Required work |
Exact reproduction is required for the lines below starting at the line with "总装车间岗位危险源辨识与风险点评价表_第3页" and ending at the line with "levnadstid) - Tidal locking av planeter", both included. No other lines, and no pictures.

Information provided |

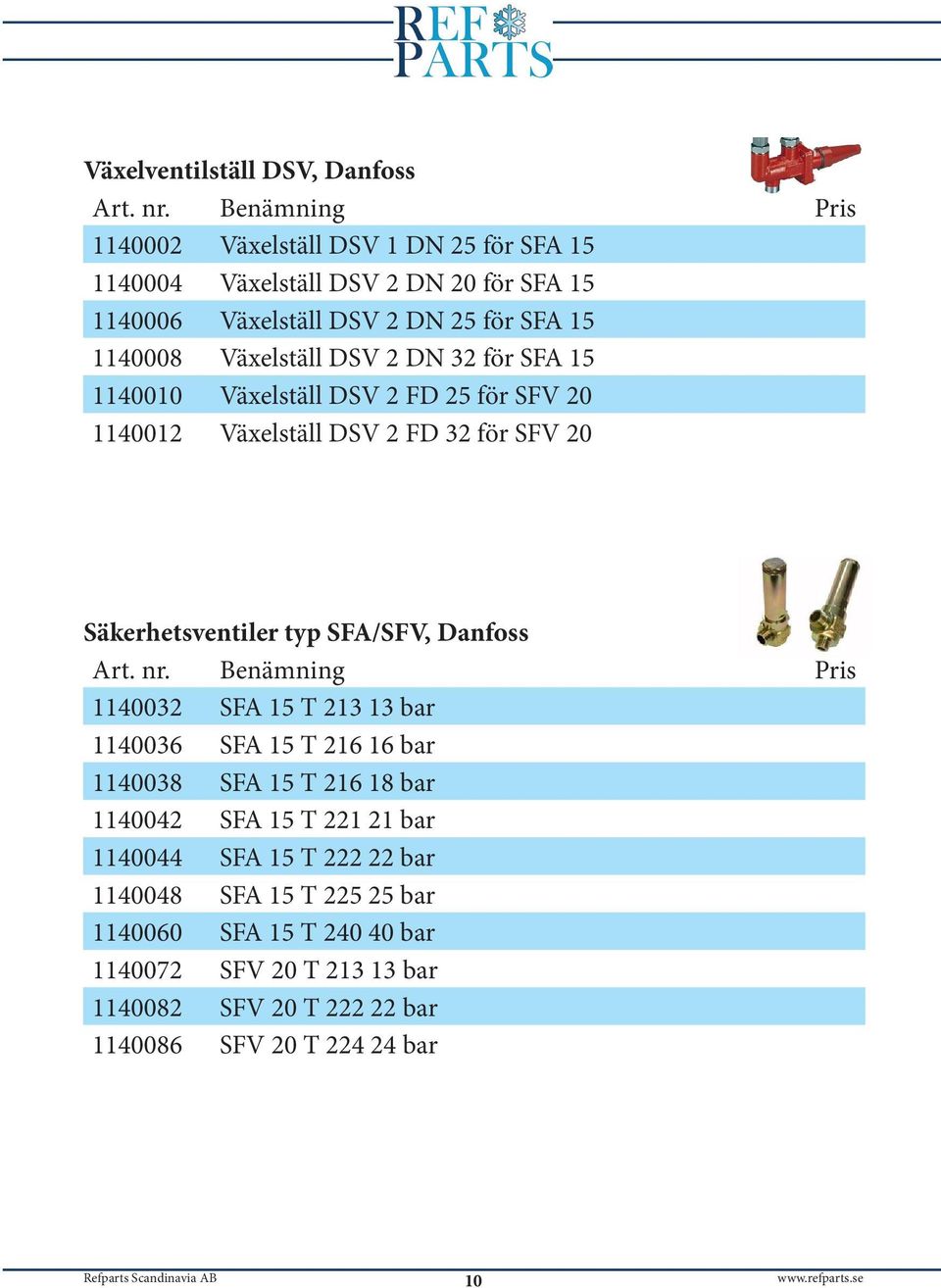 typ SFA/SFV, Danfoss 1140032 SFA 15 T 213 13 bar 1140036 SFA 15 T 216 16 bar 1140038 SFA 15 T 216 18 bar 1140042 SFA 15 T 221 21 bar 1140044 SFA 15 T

==

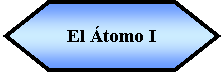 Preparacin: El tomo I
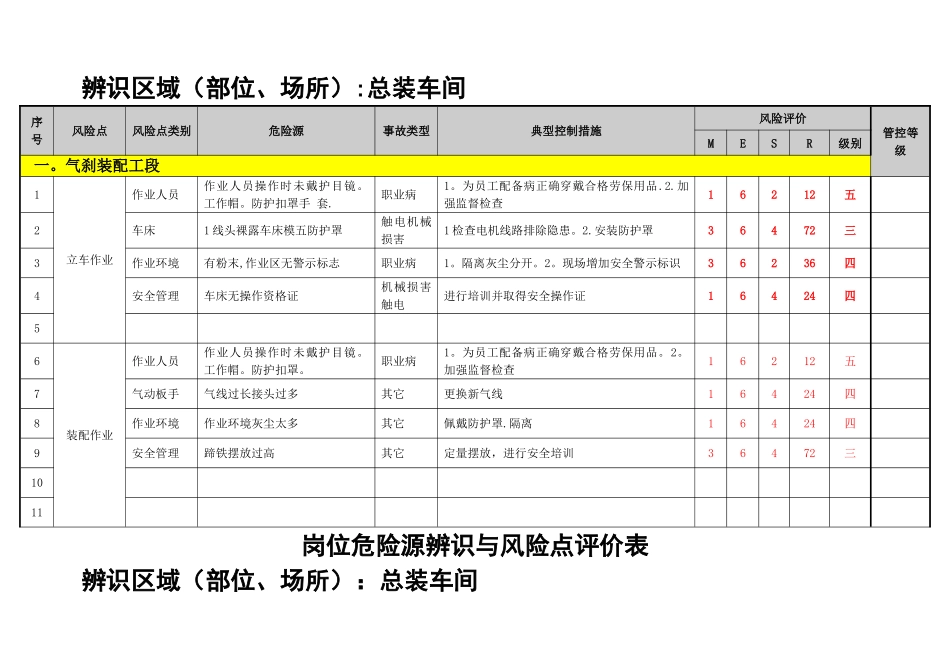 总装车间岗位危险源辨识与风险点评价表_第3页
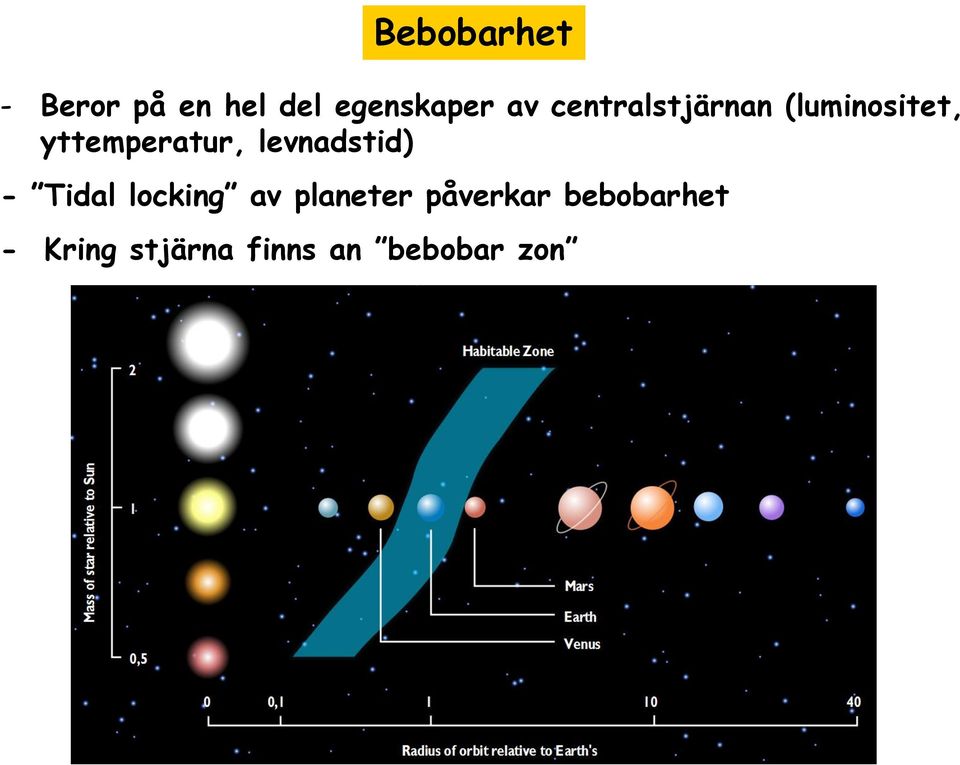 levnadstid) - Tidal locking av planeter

Response to the exercise |
 总装车间岗位危险源辨识与风险点评价表_第3页
 levnadstid) - Tidal locking av planeter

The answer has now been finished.